I just installed prince of persia, the two thrones on my pc and everything was working fine, until the actual game graphics started after the cutscene. Everything is in slow motion! When I set the graphics down, it works a bit better, but still slow, and the sound is ahead of the video on cutscenes.
I'm running Core2Duo, 2Gb RAM, 256mb nvidia 8400M GS hp laptop with vista 32bit sevice pack 2.
I would really appreciate any help, I really wanna play this game!


----------



## RockmasteR (Aug 10, 2007)

Hello and welcome to TSF
even if PoP The Two Thrones is a bit old game but it needs a good graphic card
and 8400M GS is not that stong
try to play with a low resolution 800 x 600 or 1024 x 768
and play with the video settings a bit, I don't remember if there is a shadow option I forgot, but if there is set it to off
I'll try to look at my games box and see if I can dig the game, I'll install it and will see the options again
try what I suggested and post back


----------



## RockmasteR (Aug 10, 2007)

Vsync: disbaled
Special effects: medium
Shadows: none
AA: none
Water effects: yes
Fog: yes (if set to no it could increase fps)

also please download SIW from my sig, open it and choose "Sensors" under "Hardware"
check the temps.
play a game for about 10 to 15 mins minimize it and recheck the temperatures again.
please post both temp states (idle, under stress)


----------



## Sp3ctrE (Nov 7, 2009)

I'm having trouble opening the game again, it keeps saying the cd key doesn't correspond to the disk in the drive, although it worked earlier, I'll try again tomorrow, will post again when I get it working.
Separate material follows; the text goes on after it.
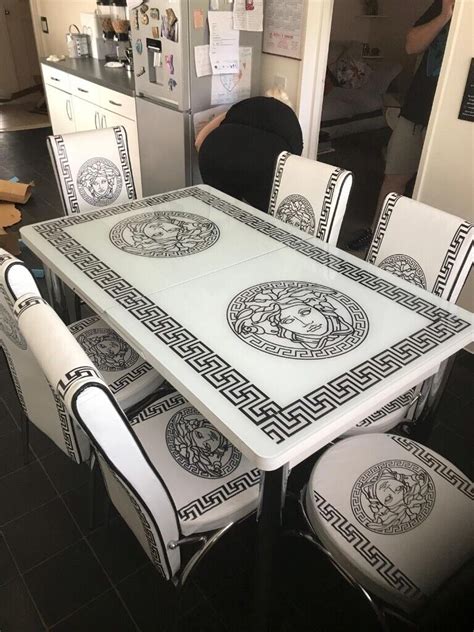 versace chair covers|Versace table and chairs.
Thanks for the advice.


----------



## RockmasteR (Aug 10, 2007)

Did you enter the right CD key?
where did you get the game from?


----------



## Sp3ctrE (Nov 7, 2009)

The game is working now, I restarted my PC and then it accepted the cd key. I switched the game to 1024x768 and set everything else to its lowest and the game is running normally for the most part, but it still goes slow every now and then. This puzzles me, as I normally run much higher spec games at higher graphics with no problems, I think it might be a Vista compatibility issue.


----------



## Lord Sirian (Jan 14, 2007)

Hi.

Seeing as this is a reasonably old game, try this:

Start the game, then start task manager. Click "Processes" right click the game process, then click "Set Affinity" and uncheck core 1 but leave core 0 checked.


----------



## Sp3ctrE (Nov 7, 2009)

Thanx for the advice, the game is only slowing slightly now and then now, it's playable. I really wanna buy windows 7, vista is too taxing on my system, I should be running the game much better! Thanx again.


----------